> _How to complete this task_
Below are entries with pictures in them. Output exactly the lines starting at the line with "Summit White /" and ending at the line with "Penampakan Tebing 8", both included, but not the pictures.

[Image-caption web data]
++++++++++++++++++++

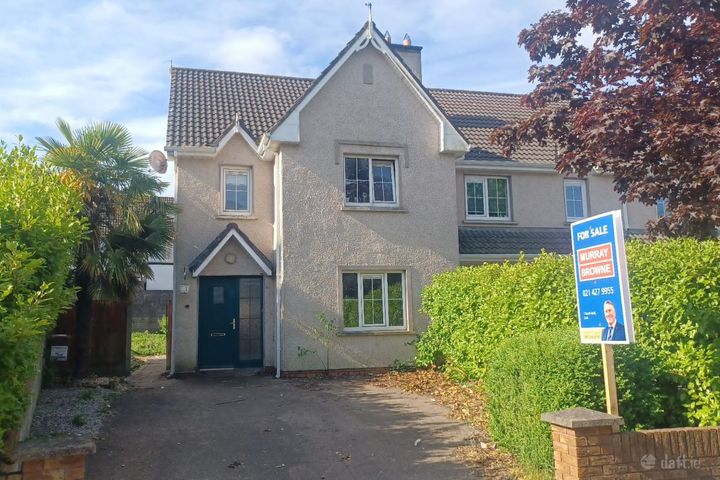 21 The Elms, Classes Lake, Ovens, Cork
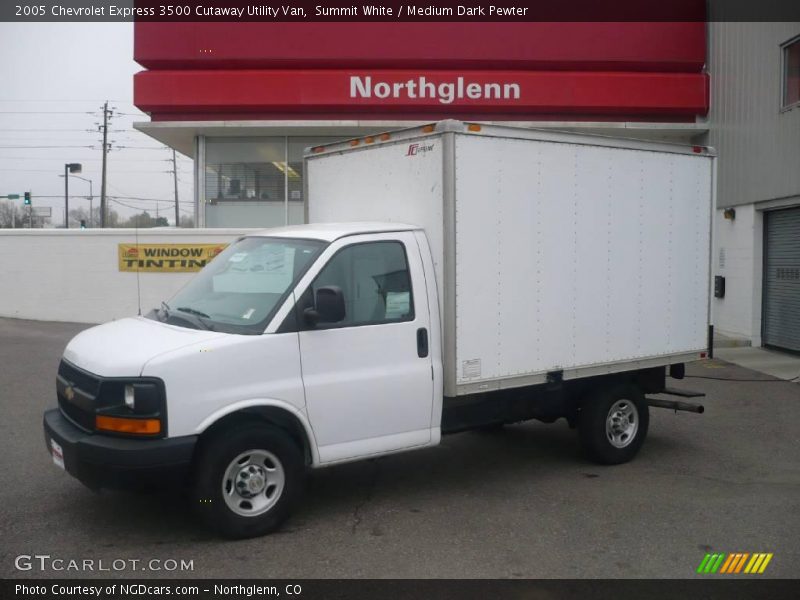 Summit White / Medium Dark Pewter 2005 Chevrolet Express 3500 Cutaway Utility Van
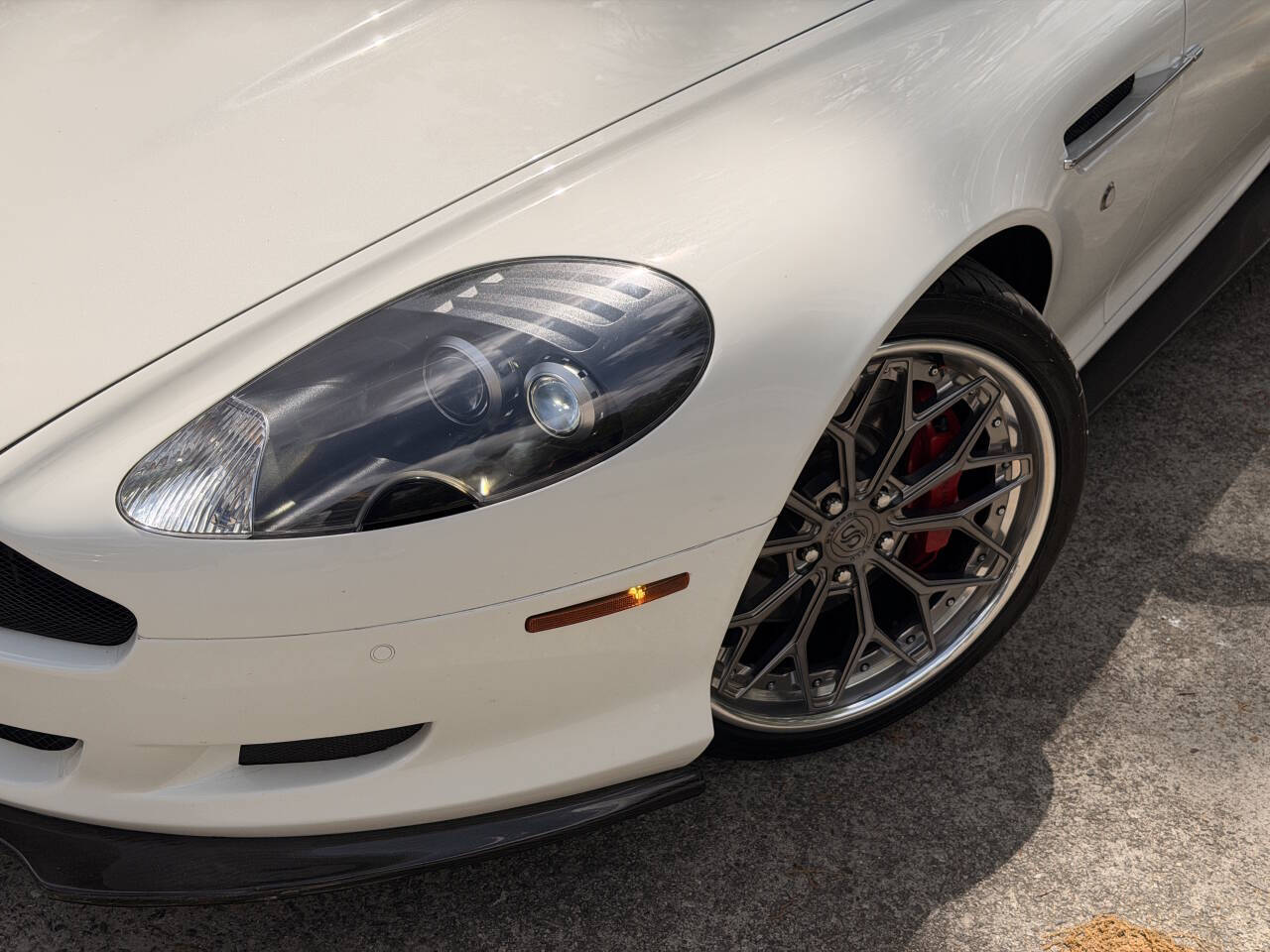 White 2009 Aston Martin DB9 Base 2dr Coupe 6A 2
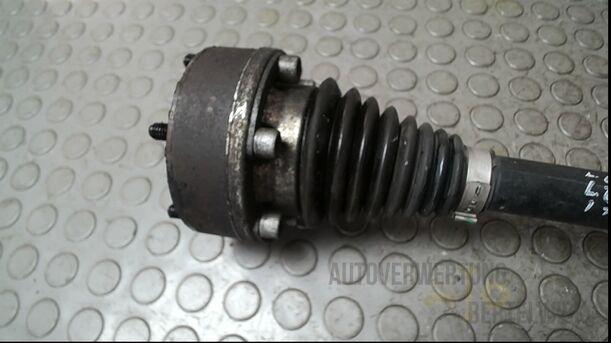 Foto: ANTRIEBSWELLE LINKS ( SCHALTGETRIEBE ) eines VW Golf Plus 1.2 TSI Special
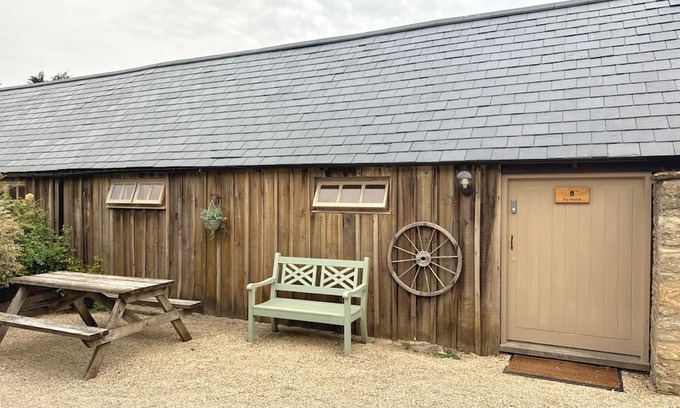 Lechlade Cabaña | Henloft Farm Stay With Pool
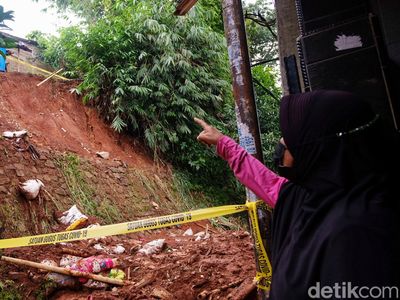 Penampakan Tebing 8 Meter di Tangsel yang Longsor Gegara Hujan Deras
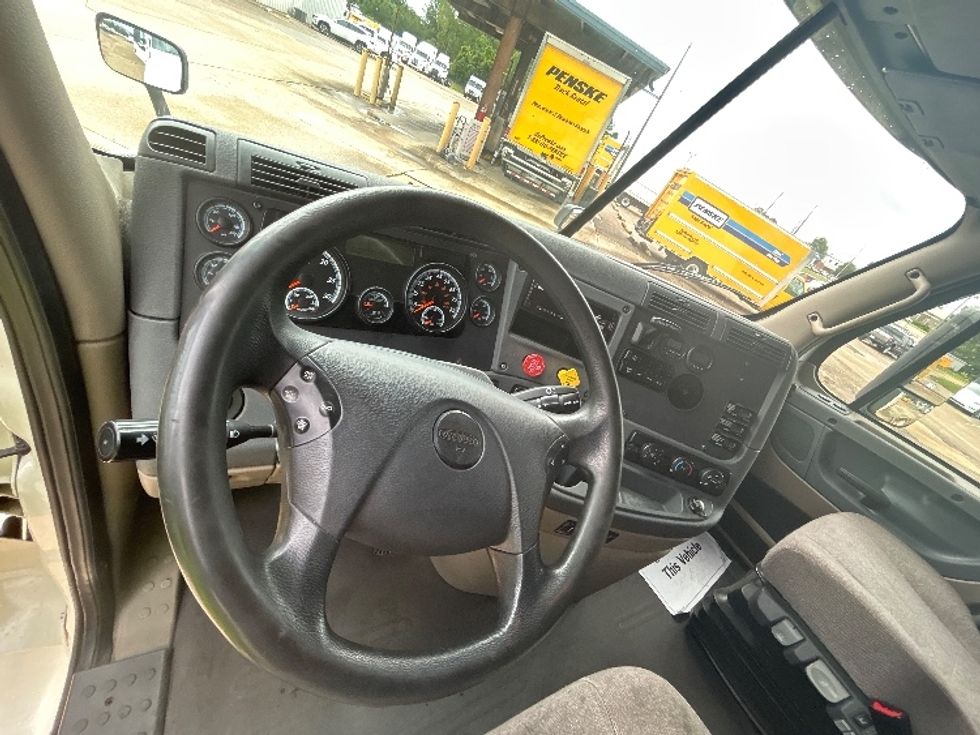 Sleeper Tractor-Heavy Duty Tractors-Freightliner-2019-Cascadia 12564ST-Belden-MS-506,677\n\t\tmiles-$ 53,500 - Image 11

++++++++++++++++++++

> _Task solution_
 Summit White / Medium Dark Pewter 2005 Chevrolet Express 3500 Cutaway Utility Van
 White 2009 Aston Martin DB9 Base 2dr Coupe 6A 2
 Foto: ANTRIEBSWELLE LINKS ( SCHALTGETRIEBE ) eines VW Golf Plus 1.2 TSI Special
 Lechlade Cabaña | Henloft Farm Stay With Pool
 Penampakan Tebing 8 Meter di Tangsel yang Longsor Gegara Hujan Deras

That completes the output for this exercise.